Ta bramka wydaje nam się o tyle ciekawsza, że nawet jeśli wytężymy wzrok, trudno tu dostrzec błysk geniuszu. Walijczyk po prostu świetnie znajdował wolne przestrzenie i w nie wbiegał, korzystając z gapiostwa rywali. Była w tym duża mądrość i bezczelność, ale czy brylantowa technika? No nie, przy czym złudzenie, że mógłby to zrobić każdy, to – no właśnie – tylko złudzenie. Bramka, nie ma co kryć, była dość istotna. Mówimy o dogrywce w półfinale Pucharu Anglii. Giggs miał trochę więcej sił, bo wszedł na boisko dopiero w 61. minucie za Jespera Blomqvista. Ostatecznie Czerwone Diabły zdobyły trofeum (po meczu z Newcastle) – zresztą tak jak mistrzostwo Anglii i Ligę Mistrzów.

 

FRANCESCO TOTTI Z INTEREM MEDIOLAN (26.10.2005)
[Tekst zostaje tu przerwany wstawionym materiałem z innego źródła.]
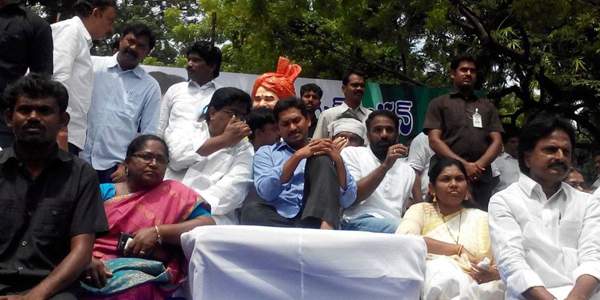 jagan deeksha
Chwilę zastanawialiśmy się, jak sklasyfikować tę bramkę. O ile w większości przypadków na tej liście sam strzał nie jest już niczym szczególnym, zazwyczaj jedynie dopełnieniem formalności, o tyle w tym przypadku nie można tak powiedzieć. Totti połączył ze sobą utrzymanie się przy piłce przy asyście rywali i przebycie z nią sporego dystansu z idealnym lobem. Nie pchał się pole karne, gdzie mógłby dalej dryblować, bo kątem oka sprawdził ustawienie bramkarza i skwapliwie z niego skorzystał. Na granicy, ale uznajemy! Najwyżej pojawi się ta bramka też w innej odsłonie zestawienia. Nie ma problemu, gdyż oglądać możemy ją tyle, ile wlezie.

 

RONALDINHO Z REALEM MADRYT (19.11.2005)

No trzeba przyznać, że nieczęsto się zdarza, by Santiago Bernabeu owacją żegnało piłkarza Barcelony, jednak ten wieczór był tak magiczny, iż fani Królewskich wykazali się dużą klasą, dziękując w ten sposób Ronaldinho. Brazylijczyk dał show, strzelając dwa wspaniałe gole. Wyżej oceniliśmy tego pierwszego. W teorii sprawa wygląda dość prosto – dużo przestrzeni, więc nic tylko docisnąć i strzelić. No ale raz, że łatwo powiedzieć, a dwa, że i to można było wykonać w różnym stylu. As Barcelony wybrał sposób najlepszy z możliwych.

 

LEO MESSI Z REALEM MADRYT (27.04.2011)

Wirtuozerska. Zjawiskowa. Po prostu fantastyczna. Dokładnie taka była asysta Sergio Busquetsa przy tym golu, prawda? Mówimy o bramce na 2-0 w pierwszym meczu półfinałowym w Lidze Mistrzów (w rewanżu było 1-1), czyli dość ważnym i jeszcze raz (by nie było wątpliwości) – robotę ewidentnie odwalił Hiszpan, a Messi przyszedł na gotowe i spił śmietankę.

 

THIERRY HENRY Z REALEM MADRYT (21.02.2006)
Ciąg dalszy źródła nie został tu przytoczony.